Given entries Start Marker

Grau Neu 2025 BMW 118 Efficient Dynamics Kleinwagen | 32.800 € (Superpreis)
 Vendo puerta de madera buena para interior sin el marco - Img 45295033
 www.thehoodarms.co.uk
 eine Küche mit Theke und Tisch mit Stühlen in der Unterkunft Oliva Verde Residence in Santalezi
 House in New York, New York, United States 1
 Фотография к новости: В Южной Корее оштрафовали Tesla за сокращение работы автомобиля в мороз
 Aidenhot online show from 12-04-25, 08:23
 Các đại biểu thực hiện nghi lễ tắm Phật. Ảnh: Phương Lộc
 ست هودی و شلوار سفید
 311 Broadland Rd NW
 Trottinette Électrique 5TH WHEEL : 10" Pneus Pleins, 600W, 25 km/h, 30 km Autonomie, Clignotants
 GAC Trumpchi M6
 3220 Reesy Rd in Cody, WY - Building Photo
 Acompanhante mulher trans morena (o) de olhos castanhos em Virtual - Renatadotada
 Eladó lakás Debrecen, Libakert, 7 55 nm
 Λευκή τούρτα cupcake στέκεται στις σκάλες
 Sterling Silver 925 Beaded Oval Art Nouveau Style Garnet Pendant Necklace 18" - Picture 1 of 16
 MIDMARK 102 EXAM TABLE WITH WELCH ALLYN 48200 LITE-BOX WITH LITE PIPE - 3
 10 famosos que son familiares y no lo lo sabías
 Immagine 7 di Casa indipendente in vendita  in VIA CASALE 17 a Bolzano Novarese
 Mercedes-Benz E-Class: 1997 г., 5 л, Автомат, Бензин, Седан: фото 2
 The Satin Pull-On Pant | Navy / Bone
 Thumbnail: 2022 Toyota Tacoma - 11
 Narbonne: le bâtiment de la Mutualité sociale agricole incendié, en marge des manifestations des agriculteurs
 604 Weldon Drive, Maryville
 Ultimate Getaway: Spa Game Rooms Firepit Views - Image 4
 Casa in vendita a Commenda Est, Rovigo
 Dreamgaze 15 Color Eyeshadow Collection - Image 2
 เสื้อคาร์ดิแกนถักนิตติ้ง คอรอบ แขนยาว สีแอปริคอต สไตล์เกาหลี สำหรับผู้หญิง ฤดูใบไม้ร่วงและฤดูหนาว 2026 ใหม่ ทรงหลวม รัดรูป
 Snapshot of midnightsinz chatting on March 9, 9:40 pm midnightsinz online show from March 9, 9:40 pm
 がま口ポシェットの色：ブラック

Given entries End Marker

What the task asks — Repeat only the lines above, from the first line of the entries through the line that contains "House in New York, New York, United States 1", including both ends.

Worked solution —
Grau Neu 2025 BMW 118 Efficient Dynamics Kleinwagen | 32.800 € (Superpreis)
 Vendo puerta de madera buena para interior sin el marco - Img 45295033
 www.thehoodarms.co.uk
 eine Küche mit Theke und Tisch mit Stühlen in der Unterkunft Oliva Verde Residence in Santalezi
 House in New York, New York, United States 1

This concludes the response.